Cinematic Realism and Augmented Dimension
Over a century, audiences watch motion pictures on a rectangle screen that the fiction world is presented in. The cinematic realism is presented by various aspects such as storytelling techniques, acting, fictional world buildings and the theatrical advancements such as large-format projection, high resolution and high frame rate filming, digital sound system and stereoscopic third dimension. The enhanced cinematic realism unveils a self-enclosed fictional world to audiences and strengthens a more absorbing and powerful sensory viewing experiences. The Stereoscopic three-dimensional (S3D) film was a breakthrough attempt to bring cinematic realism to a different level. However, S3D did not fulfil audiences’ expectations that content can be perceived as so-called three-dimensional as objects cognized in physical reality. Such expectation of the ideal three-dimensional effect is far beyond that photorealism can achieve. The realism of S3D can be considered an extension of photorealism. It is more an alteration of photorealism that presents a photographic-based illusion (Prince 1996).
A New Level of Realism: Perceptual Realism
With the thriving of extended reality (XR), a realism revolution in the entertainment industry has been initiated by practitioners. The potential of perceptual realism brought by XR is conceivable. Digital imaging theorists and artists deemed perceptual realism an effect that can be reconstructed with digital tools (Prince 1996). However, cognitive scientists and philosophers define perceptual realism as a sense view that physical objects exist independently to the perceivers. From the aspect of philosophy of perception, it is similar to naïve realism that the senses provide us with direct awareness of objects as they really are (Le Morvan 2018). In other words, perceptual realism is a realism that is based on what we see, smell, hear, taste and touch in real life, while most digital imagery is the photorealism based on what the camera sees (Turnock 2012). Thus, the realism in XR can be considered as a different level perception compared with the conventional cinema as it creates the illusion that the perceived virtual CGI objects are frameless-base, and they are relatively independent to the viewer in the same reality. CVR is gaining attention in the filmmaking industry as a new medium for storytelling. Issues such as attention guidance and motion sickness in CVR has been widely discussed to reveal a further clear potential. Prior research indicates that AR creates a unique experience given by the viewer’s respective physical reality and thus increased the sensation of involvement (Shin and Shin 2011). The borderless feature in AR stimulates the viewer’s psychological and emotional responses to immerse in both the physical reality and the virtual content (Dumic, Grgic, and Grgic 2010). That is, AR’s feature of placing virtual content in physical reality creates the foundation of perceiving perceptual realism particularly in the condition of utilising AR glasses instead of mobile screen-based devices.
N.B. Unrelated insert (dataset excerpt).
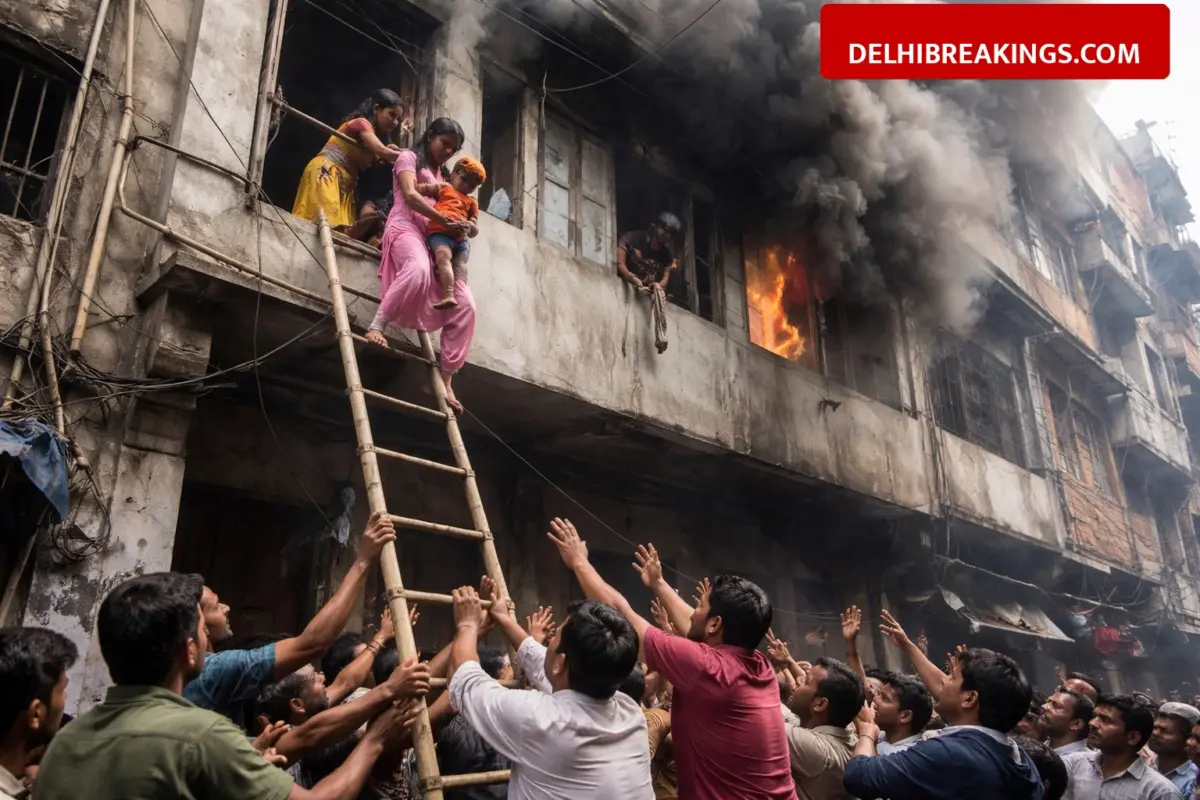 delhibreakings delhi fire chand bagh building rescue women child jump Delhi Fire: Three Women and Child Jump from 5th Floor to Escape Chand Bagh Building Fire, Saved by Neighbors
A clear vision in the CGI industries is to create realistic rendered objects that audiences cannot distinguish with real objects (Lestari et al. 2022). The high-resolution realistic rendering in AR devices can be expected in near future.
Cinematic XR
With the declining popularity of S3D films and the growing formation of adapting game engine for filmmaking, the new cinematic realism is in time to be explored to push the boundary of cinematic immersion. Several CVR productions have been published and new theories and approaches are studied to investigate the compositions, point of interest and the attention guidance issues under CVR productions. The series film Invisible directed by Doug Liman, explores several traditional filming techniques in the CVR space, such as parallel editing, camera movement, mask application and the blocking of actors (Liman 2016). One critical advantage of Cinematic Augmented Reality (CAR) compared with CVR is that the audience still sees the physical reality. This bridges conventional viewing tendency with the new technology and allows group viewing while CVR is based on the sole viewer. Meanwhile, Metaverse has been introduced by Meta in early 2020s which indicates the potential mass adoption on Mixed Reality (MR) headset that may change how people work, communicate, and entertain. Based on these trends, this paper discusses the potentials of CAR through proposed approach, pipeline and evaluation.
Augmented Dimension
AR’s feature of presenting virtual imaging in the physical world founds the ground to build an extended dimension over a conventional viewing screen. The extended dimension associated to the content showing in the viewing screen that could be a cinema screen, a desktop display or a smart mobile display. This extended dimension associated to the viewing screen, this work gives it a term, Augmented Dimension (AD). AD allows augmented content correlated to the content in the viewing screen to be placed over or beyond the viewing screen to bring visual impact to the viewer, and meanwhile support the storytelling with potential interactivity. In other words, AD requires a viewing display such as cinema screen, TV, or a mobile device to associate with the AR content. The viewer sees through AR glasses to perceive the composition formed by the viewing screen and the AR content. Imagine if a character or an object can be outside of the screen frame and be close to the viewer, such as a football is kicked to outside of the screen and dropped on the floor in the cinema and eventually bounced back into the screen world, or the devil in a horror movie can crawl out from the screen and walk toward to the audience. The AR content can also be designed to cover the whole physical environment. For example, a spaceship’s interior (AR content) fulfils the viewer’s physical room and leaves only the viewing screen as the frame of canopy. These scenarios can by no means happen in S3D films. The following section discusses the potential workflow of the approach to integrate AR content over conventional screen content to demonstrate a believable visual composition and moving images. The goal is to identify the potential of this approach as the next generation cinematic content creation.
The Hybrid Pipeline
The development of AD integrates the processes of filmmaking, visual effects (VFX) in the game engine and the AR application development. The proposed pipeline is based on the workflow of game production including pre-production, production, calibration, and testing. Calibration is a specific phase added in the pipeline for the accurate alignments between AR content, screen, and targeted viewing environments. See Image 1.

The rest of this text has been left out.